Una reciente versión, propalada por un grupo de comunicadores e intelectuales con acceso irrestricto a los medios electrónicos, habla de los efectos perniciosos que pueden tener algunas reformas constitucionales aprobadas. En especial la que deja, al albedrío de los consejeros del IFE, la interpretación de lo que será catalogado como guerra sucia. ¡Es una bomba!, exclaman. Dejar en la capacidad de nueve consejeros la potestad de decidir entre lo que debe ser prohibido o lo que será permitido difundir en las campañas electorales es peligroso. Será una cortapisa mayúscula para la libertad de expresión, una especie de censura depositada en unos cuantos. Nada se ha dicho de esa forma atrabiliaria de libertad que ejercieron otros cuantos poderosos en contra de muchos millones de electores, dejados al arbitrio de autoridades medrosas, cómplices, que dejaron pasar los ataques arteros y mentirosos contra su coco preferido: AMLO. La censura reglamentada versus el libertinaje de partidos, asesores de campañas sucias y candidatos que aspiran a triunfar al estilo y ética del famoso haiga sido como haiga sido.

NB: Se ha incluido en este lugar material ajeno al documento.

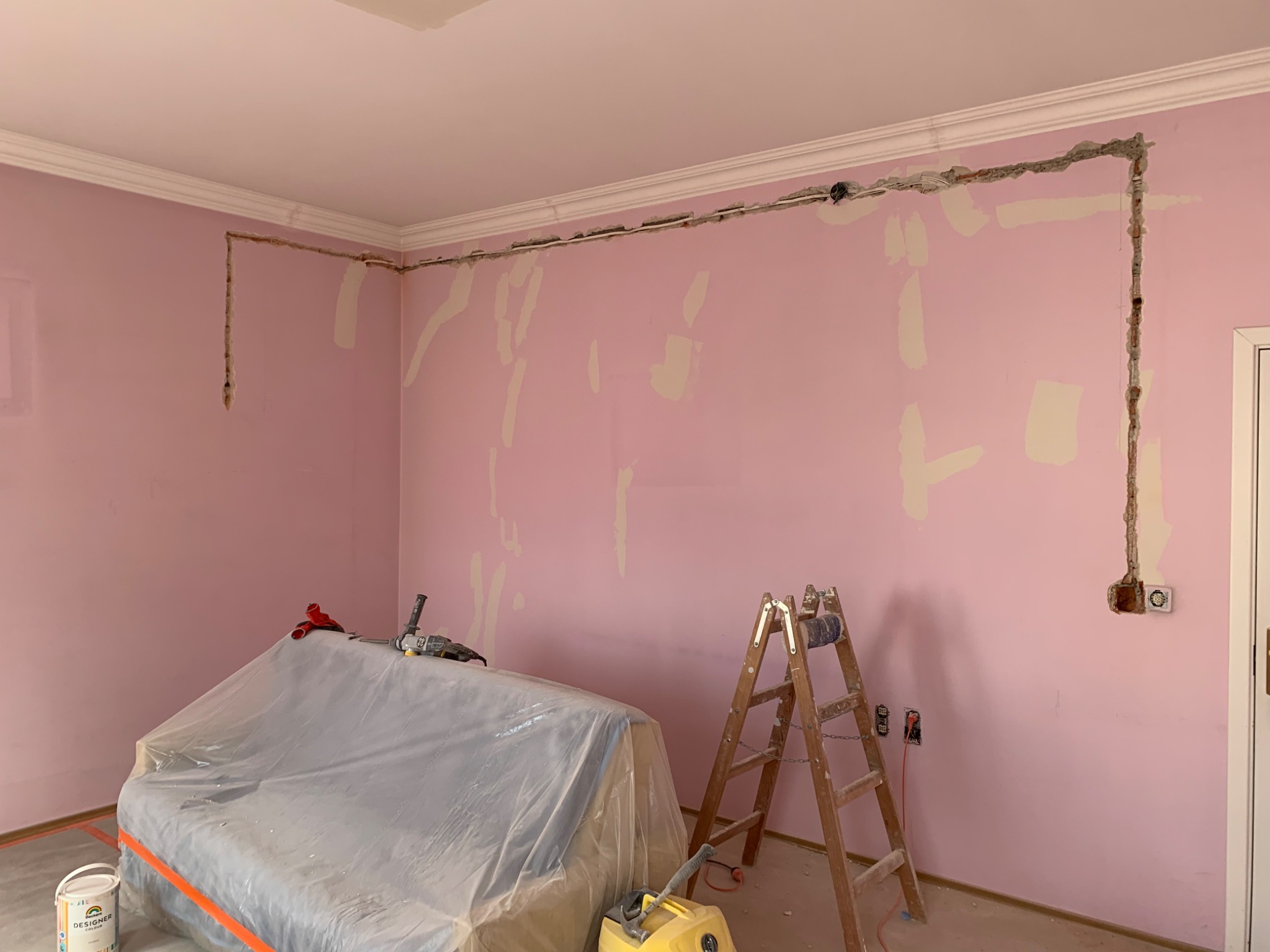 Różowa ściana w trakcie przygotowania do prac wykończeniowych, widoczne wyżłobione bruzdy pod instalacje elektryczne, częściowo wypełnione gipsem, zabezpieczona folią kanapa, drabina i narzędzia.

De todas maneras, las reformas aprobadas y en vías de ser concretadas adolecen de varias cortedades. Unas porque dejaron fuera muchas peticiones de mejoras, otras porque la mejor legislación se estrella contra la voluntad de los que operan las campañas, contra los que interpretan la norma a su pinche favor, contra los que, al final de la línea, desvían, apegados a sus intereses (que no son los populares) estrictamente personales, partidarios o de grupo, lo que dicta la mejor ley de los reformadores.

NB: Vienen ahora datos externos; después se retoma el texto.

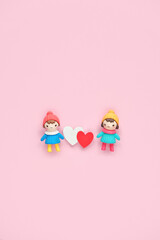 Fototapeta premium two toy dolls with red and white hearts on pink background. cute toy friends with hearts. 14 february, Valentine's day, Love, romance, friendship concept. flat lay. copy space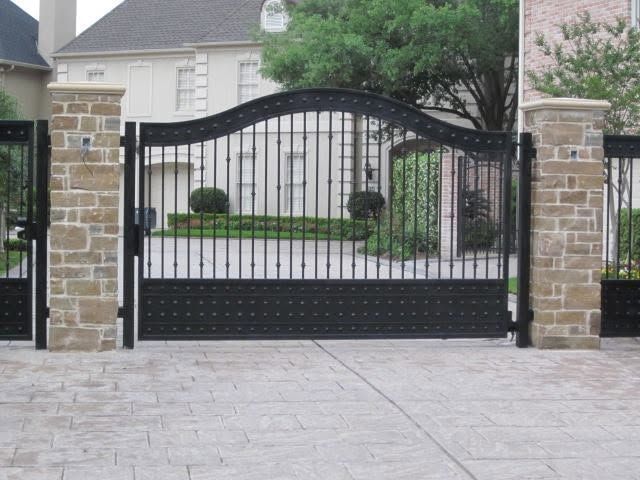 Black wrought-iron driveway gate between stone pillars in front of a house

La manera de prevenirse contra los futuros fraudes (que intentarán de mil y una forma adicionales) es impulsando la organización del electorado. Movilizar la energía ciudadana, darle cauce, entrenamiento, vigorizar su consciente disposición por llevar a los cargos públicos a sus efectivos representantes. Ese es el antídoto contra lo que ha sido una constante del poder en México: la violencia al voto, la falta de respeto a la voluntad popular, el usufructo de las oportunidades por unos cuantos y que dejan fuera a la mayoría.